Exercise requirements: Look below for the line holding "Blue leather ottoman" and the line holding "Actresses Milla Jovovich". Repeat those two and everything between, exactly.

======== Source information

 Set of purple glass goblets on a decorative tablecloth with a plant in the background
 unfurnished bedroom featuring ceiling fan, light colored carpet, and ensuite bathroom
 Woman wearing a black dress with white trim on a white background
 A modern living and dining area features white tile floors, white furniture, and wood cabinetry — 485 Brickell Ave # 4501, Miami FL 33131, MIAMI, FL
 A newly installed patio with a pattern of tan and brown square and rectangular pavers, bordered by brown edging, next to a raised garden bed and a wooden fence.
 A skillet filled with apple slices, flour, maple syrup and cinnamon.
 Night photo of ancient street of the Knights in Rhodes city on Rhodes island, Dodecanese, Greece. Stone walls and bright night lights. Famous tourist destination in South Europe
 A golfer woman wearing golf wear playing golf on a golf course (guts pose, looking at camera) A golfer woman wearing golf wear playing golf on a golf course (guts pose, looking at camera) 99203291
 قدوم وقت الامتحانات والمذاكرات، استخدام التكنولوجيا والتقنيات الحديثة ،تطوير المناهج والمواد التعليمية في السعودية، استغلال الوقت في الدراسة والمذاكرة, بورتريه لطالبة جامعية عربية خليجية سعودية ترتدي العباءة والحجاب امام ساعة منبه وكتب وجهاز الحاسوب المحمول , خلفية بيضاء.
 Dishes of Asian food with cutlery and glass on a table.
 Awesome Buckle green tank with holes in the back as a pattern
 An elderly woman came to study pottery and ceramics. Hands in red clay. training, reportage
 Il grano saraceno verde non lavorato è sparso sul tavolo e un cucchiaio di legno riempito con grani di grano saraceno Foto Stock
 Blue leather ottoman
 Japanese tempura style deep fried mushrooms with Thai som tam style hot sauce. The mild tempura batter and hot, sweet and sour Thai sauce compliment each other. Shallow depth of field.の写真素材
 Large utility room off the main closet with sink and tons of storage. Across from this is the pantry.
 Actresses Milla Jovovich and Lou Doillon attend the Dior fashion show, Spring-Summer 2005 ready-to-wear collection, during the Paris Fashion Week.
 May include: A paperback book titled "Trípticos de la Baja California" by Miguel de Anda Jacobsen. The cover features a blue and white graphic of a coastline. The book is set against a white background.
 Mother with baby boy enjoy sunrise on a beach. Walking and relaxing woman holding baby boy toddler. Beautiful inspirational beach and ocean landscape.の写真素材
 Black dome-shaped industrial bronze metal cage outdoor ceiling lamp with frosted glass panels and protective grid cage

================

Task output:
 Blue leather ottoman
 Japanese tempura style deep fried mushrooms with Thai som tam style hot sauce. The mild tempura batter and hot, sweet and sour Thai sauce compliment each other. Shallow depth of field.の写真素材
 Large utility room off the main closet with sink and tons of storage. Across from this is the pantry.
 Actresses Milla Jovovich and Lou Doillon attend the Dior fashion show, Spring-Summer 2005 ready-to-wear collection, during the Paris Fashion Week.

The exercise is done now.